In the latest episode of The ifa Show, chief executive of Tribeca Financial Ryan Watson spoke on his decision to leave his previous licensee in 2016 to get his own ASFL.
Watson explained that being self-licensed gives his firm “the freedom and the flexibility to make timely and client-centric decisions”, allowing him to make business decisions based on his own values and what he believes is most important.
He added: “We’re self-employed for a reason. We don’t like bureaucracy and we’re not very corporatised.”
Furthermore, Watson said that operating under his own licence has allowed his firm to operate with greater flexibility and take on a more collaborative approach to the operation of the business.
“We really want to be dynamic and we want to be nimble and it’s really served us well,” he said.
Discussing the wider profession, Watson said that while there has been an increase in smaller advice firms becoming self-licensed, he tends to “think it probably will plateau” as most of those who do want to get their own AFSL, have likely done so at this point, “which might lead to some consolidation”.
The increased number of micro-AFSLs has been an ongoing trend in the profession, as highlighted by Wealth Data’s finding that of the 103 new licensees to commence in the calendar year up to 9 November 2023 who were still operational at the time, just four had more than 10 advisers while 95 had five or fewer advisers.
“People have had an itch that needed to be scratched and they might have three or four advisers that sit under it, but when they look at the overall compliance, or PPR [professional principles and responsibilities], around it, it might become onerous in time and people become stronger together,” he said.
Highlighting this rising trend, Adviser Ratings’ 2024 Advice Landscape Report, revealed that of the 1,863 financial services licensees, 81.5 per cent are privately owned and have between one and 10 advisers.
Furthermore, the report found that more than half (57 per cent) of the new AFSLs in the final quarter of 2023 were applications from single advisers.
Watson also argued that the current licensing model likely makes it harder for the Australian Securities and Investment Commission (ASIC) to monitor behaviour within the advice profession.
“I think with the way that licences are structured at the moment, it makes it harder for ASIC in terms of oversight and reporting and the like, too. It might provide challenges for us as a profession in terms of maybe keeping an eye on some of the behaviour that we need to as well,” he said.
Watson added that he is pleased that advisers are “seeking their own path”, assuming they can continue to deliver what is required of them as advisers and business owners.
“As long as people have the capability to continue to focus on the clients, don’t get caught up in the PPR rigour, and just continue to challenge themselves around the value they provide, and obviously they’re doing it for the right reasons.
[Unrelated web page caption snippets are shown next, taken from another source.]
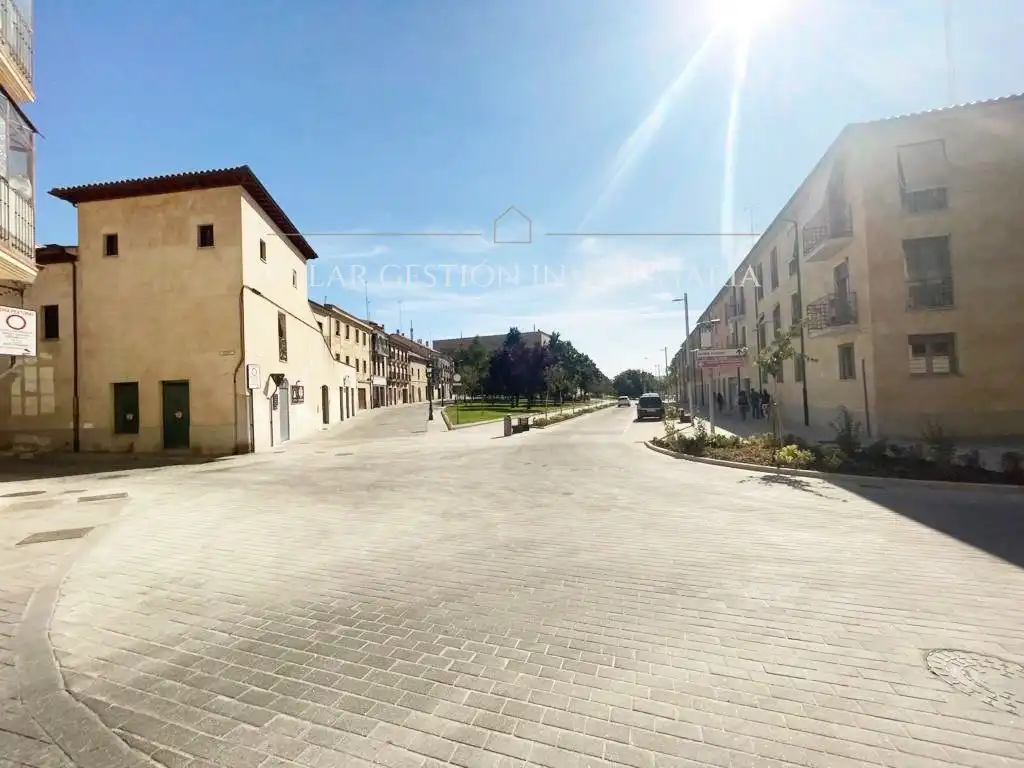Vista exterior de Piso de alquiler en Salamanca con Calefacción, Parquet y Amueblado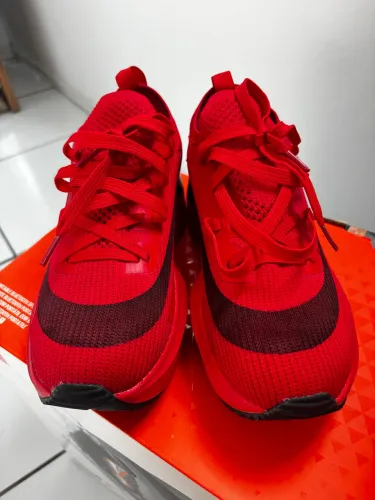 Tênis da Nike vermelho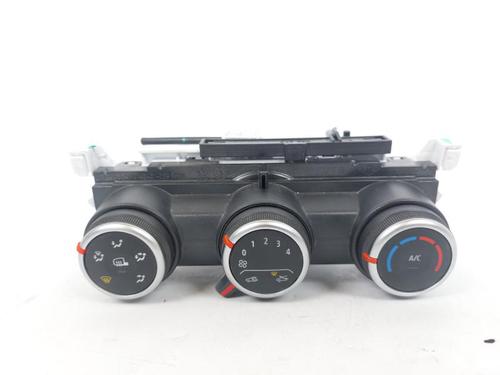 Used Climate control Climate control 17645519 17645519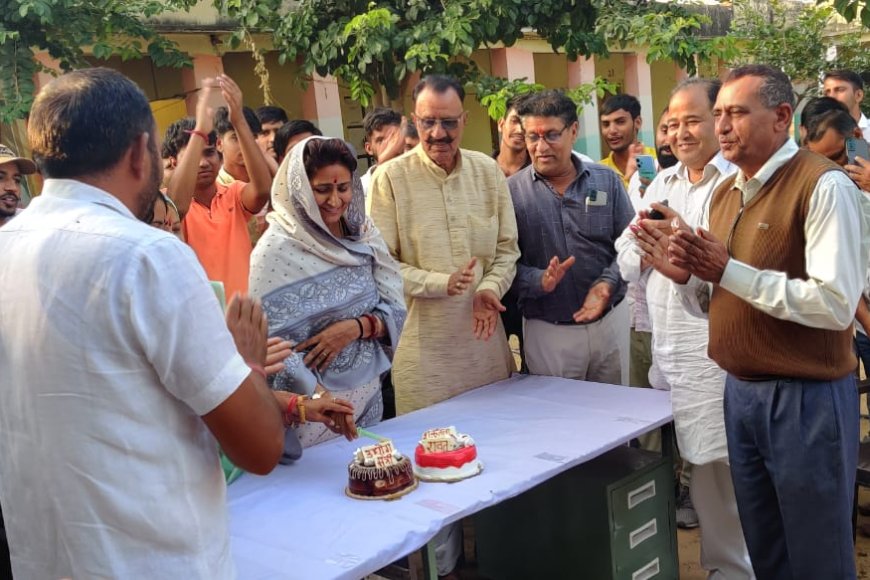 रक्तदान जीवन दान के समान है : उद्योग मंत्री शकुंतला रावत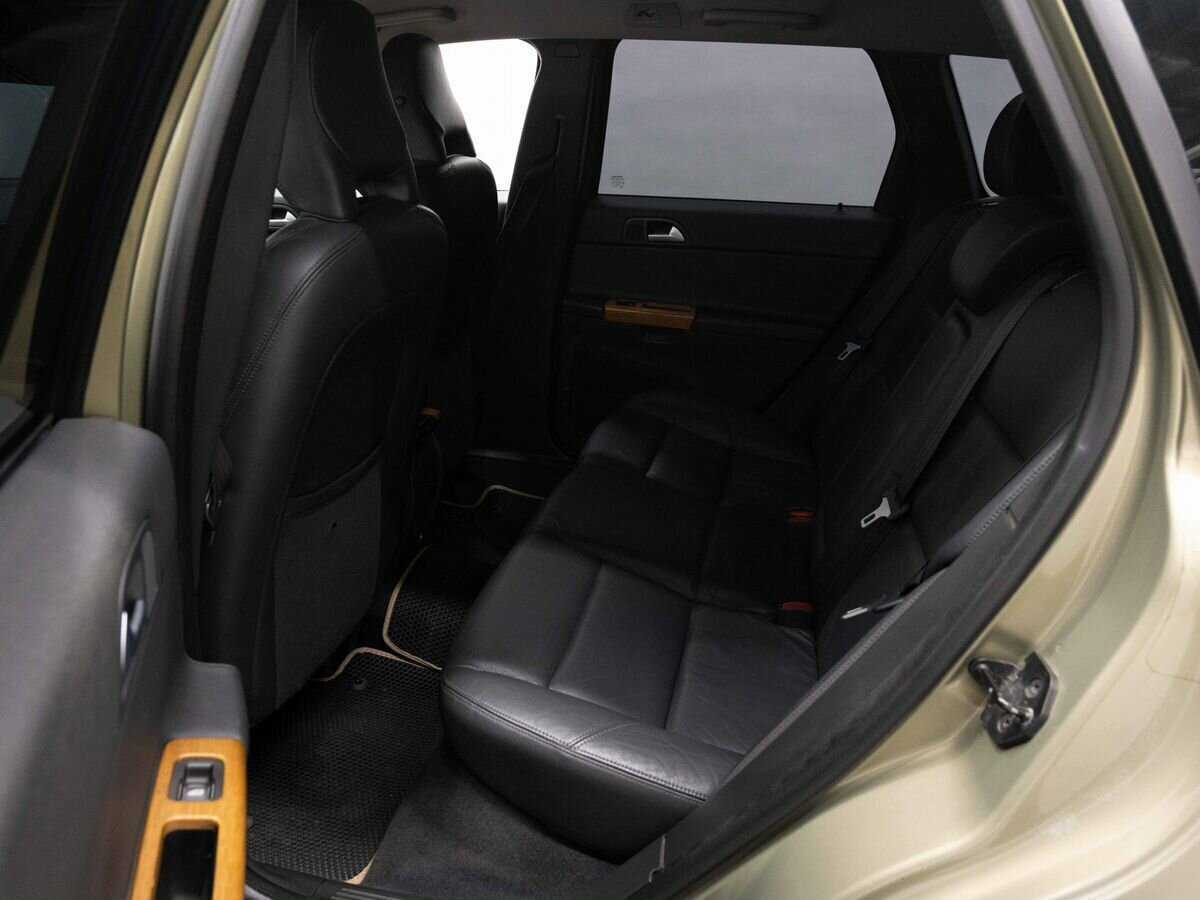 Volvo V50 с пробегом — 2009 год. Фото: #6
That’s the key thing,” he said.
To hear more from Ryan Watson, tune in here.




I have a friend who is also an AR in a well-known and large size AFSL but just got his own license. He told me the process took a few hours in paperwork and under $10K in costs with no need to use a lawyer or even an accountant. He had help from another mutual friend who went through the process a few months ago which was his shortcut. ASIC gave him the license in a period of 4 months and no issues with them. His income is under $100K. If this is how easy and low cost it can be, most advisers will move to this model and good luck for ASIC to do their job given they cannot get large AFSLs to supervise their advisers now. How will ASIC cope with 10,000 new AFSL in 5 years’ time?
How does the medical profession cope with Doctors not being licensed by big pharm?
This is why advisers should not be under the AFSL regime. Leave the AFSL for the superfunds employing their version of advisers as a way to oversee them.
I run a licensee and exited an adviser for poor compliance. ASIC gave the adviser his own AFSL without any reference check.
Fully agree with Ryan Watson. I moved from a Bank licensee to a md tier licensee and now am self-licensed. Definitely have less bureaucracy and far better compliance as we deal with the regulation directly- not policies based on the Regs.
How do you know you are doing everything you need to be doing and doing it right ?
It’s not as if ASIC telegraphs what you need to be doing.
I’ll never forget sitting in a compliance session with one of the big 4 years ago and they said “it’s your responsibility to know what you don’t know” and I wanted to push back so hard… this bank lays the rules out without compromise. But they were right. If you want to run your own AFSL you need to have great outsourced compliance support to bounce certain “nuances” off of for clarity, subscribe to all the necessary magazines, podcasts etc and set aside a day or 2 a month to go through and see if any updates or changes are going to impact you. Tedious but necessary.
Most professionally qualified self-employed people are “self-licensed” – think Doctors, Accountants and Lawyers.
I’m guessing, until all advisers are “professionally qualified” we will continue to be treated like second-class used car salespeople.
‘Not for everyone’ . Interesting.
The licensing system is clearly anachronistic.
Accounts don’t have it. Solicitors don’t have it.
Financial advisers ? Yep
Don’t do it guys. More trouble than it’s worth.